9.Не матч — младенцев избиение. Сухими, страшно быстрыми ногами плетется кружево из прорвы передач, скальпельно точных вертикальных, поперечных, прямых вразрез, диагональных, длинных, укороченных, носком, щекой, пяткой, подошвой… движением-порханием, обманно хаотичным, путаным, аляповатым, но полным скрытой стройности и совершенной взаимной согласованности всех десятерых червонных игроков творится неостановимая, в каждом своем моменте-вспышке — филигранная, ошеломляющая виртуозностью расчета, безукоризненным ведением атака, сперва как будто величаво-медленная, царственно-спокойная, внушающая страх, безволие, отчаяние держанием-переводами мяча, который не перехватить, который безраздельно каждое мгновение принадлежит червонным игрокам, и вдруг — мгновенная, как бритвенный удар по горлу, как вспышка молнии в грозой набухшем небе. Одной передачей, скрытой, неуловимой, распарывают линию защитную мадьяр, лишая зрения, ориентации в пространстве и чувства собственного тела вообще. Впустую мечутся, бросаются наперерез и силятся закрыть чудовищные бреши замотанные, взмыленные венгры… нет, слишком тугоумны, медленны для этого, ни выучки на то нет, ни природного чутья. Открыты фланги, ширятся просветы, будто пульсируют в нетерпеливом ожидании мяча пустующие зоны, коридоры… касание, мгновенный выверт шипованной стопы, и рыжей солнечной кометой мяч несется по траве, проносится от кожаного черного носка к носку, от пятки к пятке.
Все им дается запросто, «Брот-фабрик», всем существом, нутром вобрали все то, чего так долго были лишены: тугую хватку бутс, упругость дерна под ногой, свист, рев и ухахатывание тысяч на скамейках, удары по мячу с предельным напряжением ляжки и икры, со сладкой отдачей в гулкую от крови грудную клетку.
Гуляет по вратарской шагом Разбегаев, как в клетке, мается в штрафной, хрустит суставами, заламывая руки, то машет взад, вперед, как ветряная мельница, пловец… «гребет» себе туда-сюда; прищурившись на солнце, улыбчиво, лучисто любуется игрой, порой потягивается, порой, прыгнув, виснет на перекладине своих нетронутых ворот; нет никакой нужды сегодня превращаться в зрение, застыв в прыжковой стойке, в полуприседе, нет никакой нужды вытягиваться в черную струну, мгновенно, распрямленной пружиной превращаясь в прыжок, в полет за хитро или сильно пущенным мячом, включая в моментальную работу каждый сантиметр хлесткого, кошачьи ловкого, стремительного тела.

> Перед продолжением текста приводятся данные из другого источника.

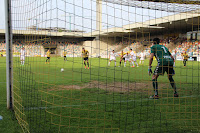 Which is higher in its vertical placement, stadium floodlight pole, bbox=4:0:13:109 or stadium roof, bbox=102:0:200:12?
stadium roof, bbox=102:0:200:12

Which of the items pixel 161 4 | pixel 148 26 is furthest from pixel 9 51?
pixel 161 4

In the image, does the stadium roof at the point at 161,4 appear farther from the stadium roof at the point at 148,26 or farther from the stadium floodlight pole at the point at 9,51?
the stadium floodlight pole at the point at 9,51

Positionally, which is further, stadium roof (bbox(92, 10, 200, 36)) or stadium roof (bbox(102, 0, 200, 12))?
stadium roof (bbox(102, 0, 200, 12))

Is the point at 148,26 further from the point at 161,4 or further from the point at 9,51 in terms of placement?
the point at 9,51

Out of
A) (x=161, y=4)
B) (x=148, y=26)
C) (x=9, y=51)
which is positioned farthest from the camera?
(x=161, y=4)

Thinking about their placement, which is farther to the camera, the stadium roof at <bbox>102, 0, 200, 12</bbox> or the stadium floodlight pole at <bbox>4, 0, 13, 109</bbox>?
the stadium roof at <bbox>102, 0, 200, 12</bbox>

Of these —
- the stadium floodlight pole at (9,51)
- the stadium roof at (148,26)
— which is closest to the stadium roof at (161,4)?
the stadium roof at (148,26)

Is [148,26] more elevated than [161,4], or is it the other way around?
[161,4]

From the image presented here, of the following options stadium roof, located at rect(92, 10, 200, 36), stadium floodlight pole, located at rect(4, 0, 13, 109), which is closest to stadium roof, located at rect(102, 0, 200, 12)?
stadium roof, located at rect(92, 10, 200, 36)

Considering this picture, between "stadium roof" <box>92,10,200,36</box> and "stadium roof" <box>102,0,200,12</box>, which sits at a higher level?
"stadium roof" <box>102,0,200,12</box>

Свою штрафную замыкают на замок и каждую атаку начинают, вальяжно-властно перекатывая мяч: по центру — рослый, с косой саженью в плечах, командующий всей защитой Кузьменко, на правом фланге — Сухожилов, спокойно-точный в выборе позиции и выходе на перехват, на левом — Мельниченко, резкий, неуступчивый, привязчивый и цепкий, как репей, умеющий вцепиться по-волкодавьи в форварда; работа, да, у них, конечно в этот день — не бей лежачего, не та игра, чтоб класс в защите свой продемонстрировать.

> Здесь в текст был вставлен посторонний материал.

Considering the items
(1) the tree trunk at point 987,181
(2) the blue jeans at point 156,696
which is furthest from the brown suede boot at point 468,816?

В центральном круге — со свободным продвижением до сердца вражеской штрафной — царят, изобретают, творят ювелирное чудо атаки, то просто держат мяч изящной перепасовкой, давая всем передохнуть, Капустин-Свиридовский — двуглавое, двуликое чудовище, творящее сознание червонных, два созданных для дирижерства человека, похожих друг на друга, как отец и сын; хоть на сто метров разведи, но все равно составят целое, одно, такое между ними совершенство понимания. Давно приметил Свиридовский еще совсем зеленого, пугливо-робкого Капустина, уперся взглядом, будто в зеркало, сказал: «уйду — ты будешь мне заменой, продолжением».
Правофланговым крайним — Черняга, отчаяннее и бестолковее всех идет в борьбу, совсем задергал, измотал, измучил мадьяр, им не давая атаки начинать… пожалуй, слишком тянет одеяло на себя, усердствуя в обводке и с мячом не расставаясь… бежит, щенок, не поднимая головы, на мяч все смотрит: «Запомни, Пашка, немцы — не мадьяры: они тебе семь суток думать не дадут, — спокойно учит Свиридовский, ровно дыша, сухой, будто едва-едва ступил на поле. — Ты завозился, не отдал — мы трое пробежали даром. А если перехватят, что? Ты нас троих обрезал»…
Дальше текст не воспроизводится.